National Resource Defense Council: “We use law, science and the support of 1.3 million members and online activists to protect the planet’s wildlife and wild places and to ensure a safe and healthy environment for all living things.”
Both organizations are clear not only in what they want to achieve, but also their means: food banks and legal action, respectively.
This fairly typical behavior makes it clear and easy for me to engage. Their cause is established. If I choose to support any cause, I’ll do so via an organization that uses the means I believe most effective. So of course a non-profit should outline the micro-actions I can take as a concerned citizen to help, right?
I’m no longer convinced that’s the only solution. Underheard (not an organization of any kind, to be explicitly clear) was simply a platform for homeless individuals. It didn’t specifically ask people to donate, nor did it edit what happened (when giving homeless individuals a voice, it should be no surprise some of what we heard fell outside of anything an organization would ever endorse). Nonetheless, people regularly contacted the interns to help the four men in ways they deemed best. At one point, someone in Australia paid for 2 transit tickets Albert (one of the four Tweeters) received. Those tickets totaled $200, beyond any reasonable amount Albert could have gathered on his own. Similarly, Danny was offered help to write his story by someone in Wisconsin. This desire to tell his story was something he brought up a few times including at the very outset of being selected for the project. Neither of these were ever explicit requests. In fact, financial help was offered regularly, but no one ever said they’d like to donate generally. Every financial offering was tied to a specific individual and incident. The offer was never $200. It was to pay for those daunting tickets. The offer wasn’t to fund a book; it was to help write it.
It seems people will determine the appropriate means of contributing if the right system is in place. In this case, the only pieces required were a platform to communicate (pre-paid phones to tweet from) and someone spreading the word. It’s similar to how a free-to-use site like Craigslist can turn commerce upside down via collaborative consumption. Craigslist never set out to extend the life of products or help communities consume more efficiently; it just happened to be the platform on which such consequences transpire.
All of this opened my mind to a new possibility. Could a non-profit exist simply as a platform for those that may need help with no instructions or systems in place to actually help? Sure, a number of organizations already use social media to push their causes and seek help, but they are generally speaking to existing supporters– and they’re outlining what they need. Could an extremely low-cost platform serve solely as scaffolding to let people connect their own solutions to narratives told by people in need?
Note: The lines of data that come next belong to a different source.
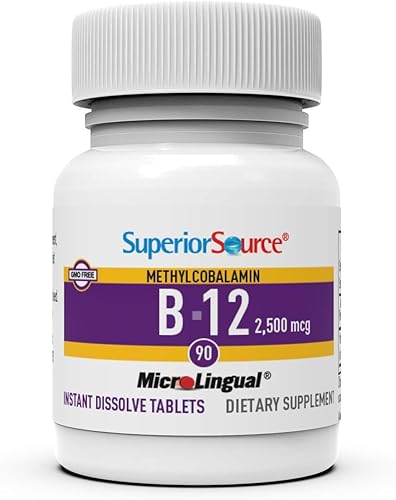 Miniatura 4 de Superior Source No Shot Vitamina B12 Metilcobalamina 2500 mcg, tabletas microlingües de disolución rápida, 90 unidades, forma activa de B12, apoya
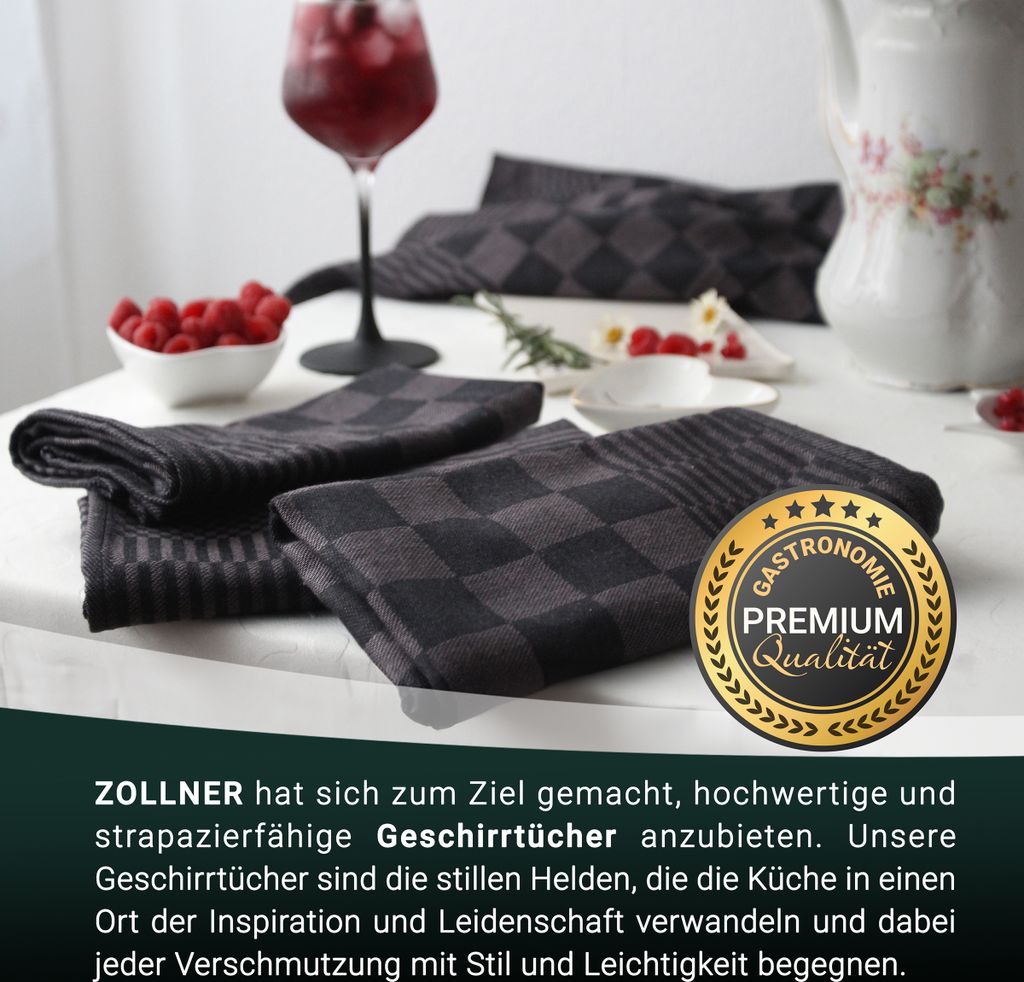 6er Set Geschirrtücher, 65x65 cm, 100% Baumwolle, schwarz Produktbild 5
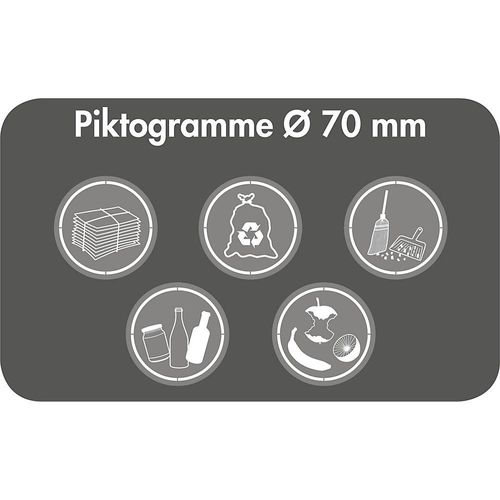 Piktogramme, Ø 70 mm, international, mit Symbolen, weiß kaiserkraft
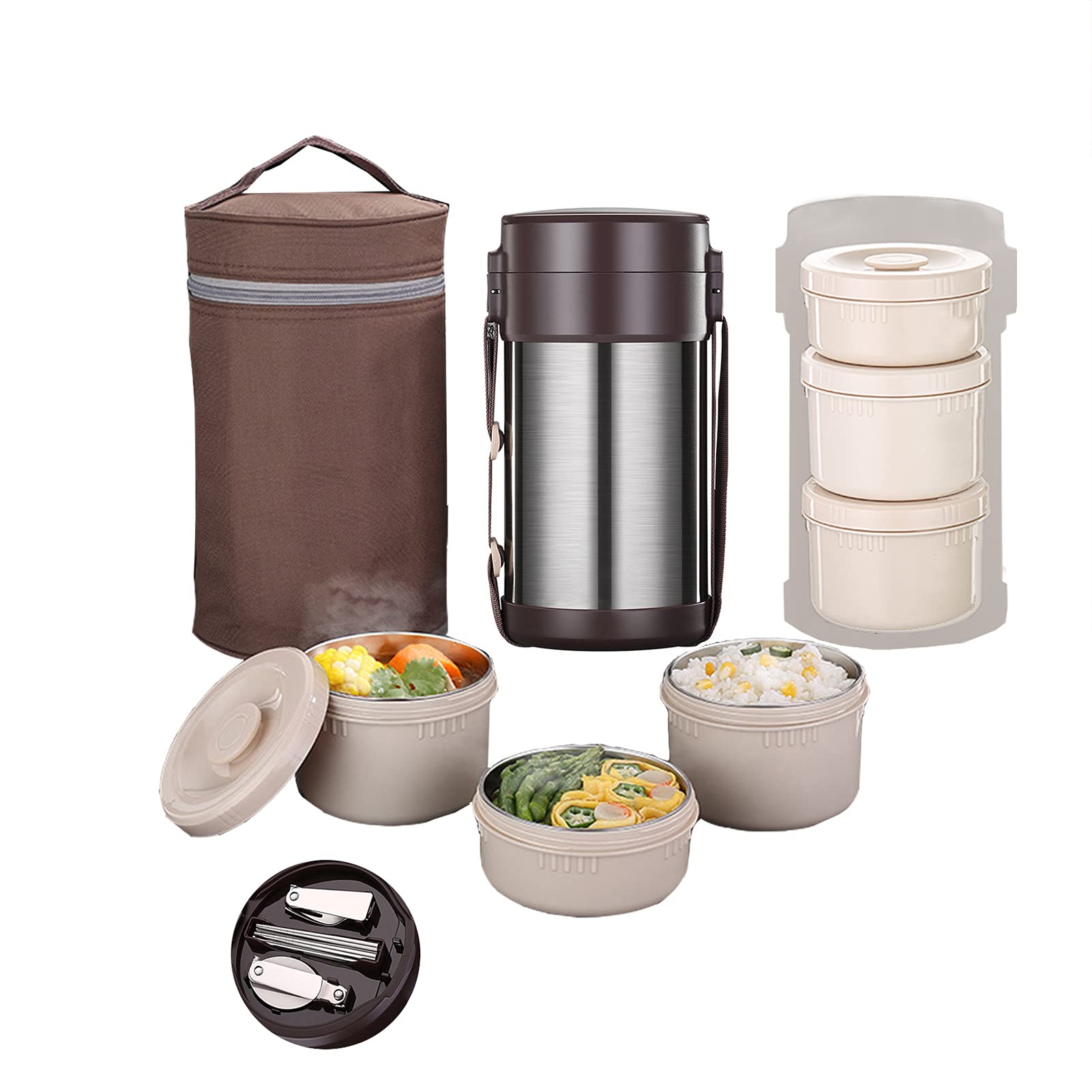 Edelstahl Thermo-Lunchbox 3 Etagen Isolierung Lebensmittelbehälter,Stapelbar Isolierbehälter Box Speisenwärmer für Essen Babynahrung Suppe Brei Obst,mit Löffel und Lunchtasche,2.3L + 3 Layers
Currently, people in need use the internet to ask for help all the time, but to a very limited audience. Their best-case scenario is having their need adopted by a cause that will help them. But what about all those people that could decide how to help without an organization outlining how? Is there a scalable solution between being a collection of individuals in need and being a formal organization requiring funds to operate? Could a platform that simply makes voices heard but doesn’t actually have an agenda successfully exist? Perhaps it’s a Craigslist-meets-Kickstarter-meets-Twitter for people to tell stories in a culture that is clearly intended to seek assistance, but in no specified fashion. The possibilities seem pleasantly ambiguous and endless.
Now, that may be the dumbest idea ever. That’s not the point. The point is how much my mind was opened by people with limited resources and experience answering an open-ended brief.
The point is intern inspiration.
I can’t wait to see what this new group of interns does. No matter what they do, I’m sure I’ll be inspired in some way. That’s a fantastic investment for any company to make.